* PROMPT
Once you reach the line that holds "New | in-Stock" in the listing below, output it and every line after it through the line that holds "AC220V 2.4G Remote", word for word.

* EXTRACTED ENTRIES

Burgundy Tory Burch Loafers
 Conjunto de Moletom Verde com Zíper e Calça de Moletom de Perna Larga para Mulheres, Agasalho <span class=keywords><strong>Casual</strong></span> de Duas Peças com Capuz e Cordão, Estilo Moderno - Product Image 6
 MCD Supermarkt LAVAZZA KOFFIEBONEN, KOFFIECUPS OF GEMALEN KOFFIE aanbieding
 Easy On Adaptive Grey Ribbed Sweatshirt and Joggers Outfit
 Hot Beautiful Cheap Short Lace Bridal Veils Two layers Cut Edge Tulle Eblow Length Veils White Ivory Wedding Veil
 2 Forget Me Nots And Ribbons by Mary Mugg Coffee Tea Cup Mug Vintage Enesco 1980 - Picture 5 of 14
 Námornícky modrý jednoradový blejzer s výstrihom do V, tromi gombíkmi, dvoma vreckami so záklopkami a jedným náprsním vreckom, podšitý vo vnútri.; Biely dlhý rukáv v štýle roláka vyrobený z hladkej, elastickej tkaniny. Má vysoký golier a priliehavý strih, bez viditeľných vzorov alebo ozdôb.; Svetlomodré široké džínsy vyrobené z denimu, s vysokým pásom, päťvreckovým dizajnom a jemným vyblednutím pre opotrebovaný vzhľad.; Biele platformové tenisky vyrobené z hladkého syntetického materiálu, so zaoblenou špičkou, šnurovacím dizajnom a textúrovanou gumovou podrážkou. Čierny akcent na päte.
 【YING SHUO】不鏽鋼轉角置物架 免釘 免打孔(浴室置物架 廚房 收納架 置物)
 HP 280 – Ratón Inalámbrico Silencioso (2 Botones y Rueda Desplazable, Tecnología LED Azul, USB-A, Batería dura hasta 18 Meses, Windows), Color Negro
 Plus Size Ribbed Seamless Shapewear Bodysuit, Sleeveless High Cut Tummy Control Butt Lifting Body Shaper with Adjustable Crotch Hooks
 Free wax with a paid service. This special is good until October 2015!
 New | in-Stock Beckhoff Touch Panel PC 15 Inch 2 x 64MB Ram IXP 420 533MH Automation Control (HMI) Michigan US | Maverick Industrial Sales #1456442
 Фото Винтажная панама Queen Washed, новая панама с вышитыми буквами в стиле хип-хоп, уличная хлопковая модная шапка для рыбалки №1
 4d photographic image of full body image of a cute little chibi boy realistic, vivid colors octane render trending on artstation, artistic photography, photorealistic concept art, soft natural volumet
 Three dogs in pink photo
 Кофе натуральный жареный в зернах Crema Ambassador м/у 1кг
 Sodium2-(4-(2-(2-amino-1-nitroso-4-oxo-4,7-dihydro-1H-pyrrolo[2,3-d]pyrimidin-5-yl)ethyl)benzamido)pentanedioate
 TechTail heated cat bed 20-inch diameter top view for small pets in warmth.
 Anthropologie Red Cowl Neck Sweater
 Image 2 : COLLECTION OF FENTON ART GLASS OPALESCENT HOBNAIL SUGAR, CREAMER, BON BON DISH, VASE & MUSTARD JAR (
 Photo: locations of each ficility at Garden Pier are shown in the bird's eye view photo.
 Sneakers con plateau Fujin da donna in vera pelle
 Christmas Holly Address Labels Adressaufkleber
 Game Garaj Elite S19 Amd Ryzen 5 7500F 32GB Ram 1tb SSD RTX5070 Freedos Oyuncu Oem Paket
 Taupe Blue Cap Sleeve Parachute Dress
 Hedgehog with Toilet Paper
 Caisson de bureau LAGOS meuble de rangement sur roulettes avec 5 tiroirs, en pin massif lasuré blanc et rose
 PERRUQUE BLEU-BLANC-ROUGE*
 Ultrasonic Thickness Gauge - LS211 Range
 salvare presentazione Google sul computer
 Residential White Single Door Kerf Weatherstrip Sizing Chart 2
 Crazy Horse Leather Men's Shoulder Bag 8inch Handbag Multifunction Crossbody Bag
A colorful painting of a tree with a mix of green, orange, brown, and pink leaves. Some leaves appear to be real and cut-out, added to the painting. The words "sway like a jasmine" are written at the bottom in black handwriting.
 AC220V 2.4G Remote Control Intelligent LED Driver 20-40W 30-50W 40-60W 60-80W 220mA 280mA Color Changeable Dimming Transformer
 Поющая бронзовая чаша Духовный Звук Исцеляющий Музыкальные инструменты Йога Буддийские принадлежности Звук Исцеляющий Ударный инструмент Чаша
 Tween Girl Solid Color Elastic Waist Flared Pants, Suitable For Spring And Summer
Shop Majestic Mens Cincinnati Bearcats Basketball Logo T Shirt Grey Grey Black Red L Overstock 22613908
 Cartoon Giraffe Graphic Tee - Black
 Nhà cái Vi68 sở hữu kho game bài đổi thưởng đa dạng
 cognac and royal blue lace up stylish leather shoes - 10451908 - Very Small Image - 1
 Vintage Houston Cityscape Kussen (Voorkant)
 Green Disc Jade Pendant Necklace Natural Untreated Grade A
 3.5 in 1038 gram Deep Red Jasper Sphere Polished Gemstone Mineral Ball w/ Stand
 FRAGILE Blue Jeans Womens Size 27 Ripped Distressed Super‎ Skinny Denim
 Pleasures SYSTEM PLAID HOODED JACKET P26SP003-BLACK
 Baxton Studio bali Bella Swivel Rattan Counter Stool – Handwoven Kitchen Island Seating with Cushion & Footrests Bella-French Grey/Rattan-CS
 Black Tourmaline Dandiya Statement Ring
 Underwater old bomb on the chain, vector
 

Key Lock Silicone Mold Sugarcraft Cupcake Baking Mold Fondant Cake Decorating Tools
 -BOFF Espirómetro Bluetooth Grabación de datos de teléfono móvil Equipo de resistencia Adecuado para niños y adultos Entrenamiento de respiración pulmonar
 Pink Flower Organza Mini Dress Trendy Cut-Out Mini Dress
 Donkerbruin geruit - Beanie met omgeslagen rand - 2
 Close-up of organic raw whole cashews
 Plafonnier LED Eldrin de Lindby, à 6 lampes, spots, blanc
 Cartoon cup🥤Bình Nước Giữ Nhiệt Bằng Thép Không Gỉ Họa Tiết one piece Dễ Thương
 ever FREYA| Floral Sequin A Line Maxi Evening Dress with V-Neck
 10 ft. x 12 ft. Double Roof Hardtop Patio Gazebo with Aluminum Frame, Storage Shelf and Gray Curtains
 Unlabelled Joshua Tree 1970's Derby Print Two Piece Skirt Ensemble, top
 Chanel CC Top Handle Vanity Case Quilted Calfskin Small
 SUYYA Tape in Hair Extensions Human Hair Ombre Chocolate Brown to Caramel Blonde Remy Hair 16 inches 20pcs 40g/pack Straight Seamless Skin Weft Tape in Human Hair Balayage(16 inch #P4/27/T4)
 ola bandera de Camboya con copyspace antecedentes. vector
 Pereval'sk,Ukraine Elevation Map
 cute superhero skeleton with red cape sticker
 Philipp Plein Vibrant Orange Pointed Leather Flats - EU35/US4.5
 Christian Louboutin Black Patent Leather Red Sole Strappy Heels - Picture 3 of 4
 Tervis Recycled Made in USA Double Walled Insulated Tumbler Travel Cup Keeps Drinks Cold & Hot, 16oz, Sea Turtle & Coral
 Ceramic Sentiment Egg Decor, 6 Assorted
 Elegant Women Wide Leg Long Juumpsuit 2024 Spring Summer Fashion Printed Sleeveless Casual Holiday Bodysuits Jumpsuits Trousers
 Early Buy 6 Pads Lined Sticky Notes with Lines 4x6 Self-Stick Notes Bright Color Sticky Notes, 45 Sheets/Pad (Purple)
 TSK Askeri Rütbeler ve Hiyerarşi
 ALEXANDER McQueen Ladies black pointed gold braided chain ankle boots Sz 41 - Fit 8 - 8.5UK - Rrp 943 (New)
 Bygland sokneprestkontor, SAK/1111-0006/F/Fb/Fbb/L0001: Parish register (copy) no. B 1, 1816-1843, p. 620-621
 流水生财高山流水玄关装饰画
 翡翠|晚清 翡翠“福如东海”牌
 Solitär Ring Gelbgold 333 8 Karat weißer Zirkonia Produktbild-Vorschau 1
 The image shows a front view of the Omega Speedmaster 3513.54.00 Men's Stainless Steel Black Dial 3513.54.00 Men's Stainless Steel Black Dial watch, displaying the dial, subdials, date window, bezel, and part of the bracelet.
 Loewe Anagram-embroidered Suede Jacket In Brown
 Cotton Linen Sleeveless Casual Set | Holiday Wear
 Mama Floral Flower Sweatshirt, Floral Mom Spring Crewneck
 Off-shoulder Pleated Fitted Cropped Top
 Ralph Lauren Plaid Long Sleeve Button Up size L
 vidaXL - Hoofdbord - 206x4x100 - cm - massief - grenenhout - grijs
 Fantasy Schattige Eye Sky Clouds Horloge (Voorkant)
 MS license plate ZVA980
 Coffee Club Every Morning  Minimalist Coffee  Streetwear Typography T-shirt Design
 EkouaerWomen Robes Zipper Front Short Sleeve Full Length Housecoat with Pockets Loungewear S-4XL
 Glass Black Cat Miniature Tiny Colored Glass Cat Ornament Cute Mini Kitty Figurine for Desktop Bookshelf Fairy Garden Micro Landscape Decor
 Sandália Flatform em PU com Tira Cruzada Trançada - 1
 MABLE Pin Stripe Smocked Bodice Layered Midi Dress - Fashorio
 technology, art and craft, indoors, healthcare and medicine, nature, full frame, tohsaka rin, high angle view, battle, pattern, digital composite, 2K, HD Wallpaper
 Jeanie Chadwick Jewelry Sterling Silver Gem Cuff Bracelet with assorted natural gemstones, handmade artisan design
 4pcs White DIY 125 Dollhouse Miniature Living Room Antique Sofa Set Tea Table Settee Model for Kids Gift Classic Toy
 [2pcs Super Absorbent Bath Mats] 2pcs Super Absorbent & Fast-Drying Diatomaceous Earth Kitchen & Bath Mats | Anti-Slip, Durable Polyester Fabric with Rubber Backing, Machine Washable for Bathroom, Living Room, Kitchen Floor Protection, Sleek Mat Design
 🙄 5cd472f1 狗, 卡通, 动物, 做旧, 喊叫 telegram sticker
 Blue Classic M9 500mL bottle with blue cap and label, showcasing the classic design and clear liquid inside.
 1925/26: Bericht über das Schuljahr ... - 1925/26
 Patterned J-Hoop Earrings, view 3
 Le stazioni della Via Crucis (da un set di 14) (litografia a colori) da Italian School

* ANSWER SPACE
 New | in-Stock Beckhoff Touch Panel PC 15 Inch 2 x 64MB Ram IXP 420 533MH Automation Control (HMI) Michigan US | Maverick Industrial Sales #1456442
 Фото Винтажная панама Queen Washed, новая панама с вышитыми буквами в стиле хип-хоп, уличная хлопковая модная шапка для рыбалки №1
 4d photographic image of full body image of a cute little chibi boy realistic, vivid colors octane render trending on artstation, artistic photography, photorealistic concept art, soft natural volumet
 Three dogs in pink photo
 Кофе натуральный жареный в зернах Crema Ambassador м/у 1кг
 Sodium2-(4-(2-(2-amino-1-nitroso-4-oxo-4,7-dihydro-1H-pyrrolo[2,3-d]pyrimidin-5-yl)ethyl)benzamido)pentanedioate
 TechTail heated cat bed 20-inch diameter top view for small pets in warmth.
 Anthropologie Red Cowl Neck Sweater
 Image 2 : COLLECTION OF FENTON ART GLASS OPALESCENT HOBNAIL SUGAR, CREAMER, BON BON DISH, VASE & MUSTARD JAR (
 Photo: locations of each ficility at Garden Pier are shown in the bird's eye view photo.
 Sneakers con plateau Fujin da donna in vera pelle
 Christmas Holly Address Labels Adressaufkleber
 Game Garaj Elite S19 Amd Ryzen 5 7500F 32GB Ram 1tb SSD RTX5070 Freedos Oyuncu Oem Paket
 Taupe Blue Cap Sleeve Parachute Dress
 Hedgehog with Toilet Paper
 Caisson de bureau LAGOS meuble de rangement sur roulettes avec 5 tiroirs, en pin massif lasuré blanc et rose
 PERRUQUE BLEU-BLANC-ROUGE*
 Ultrasonic Thickness Gauge - LS211 Range
 salvare presentazione Google sul computer
 Residential White Single Door Kerf Weatherstrip Sizing Chart 2
 Crazy Horse Leather Men's Shoulder Bag 8inch Handbag Multifunction Crossbody Bag
A colorful painting of a tree with a mix of green, orange, brown, and pink leaves. Some leaves appear to be real and cut-out, added to the painting. The words "sway like a jasmine" are written at the bottom in black handwriting.
 AC220V 2.4G Remote Control Intelligent LED Driver 20-40W 30-50W 40-60W 60-80W 220mA 280mA Color Changeable Dimming Transformer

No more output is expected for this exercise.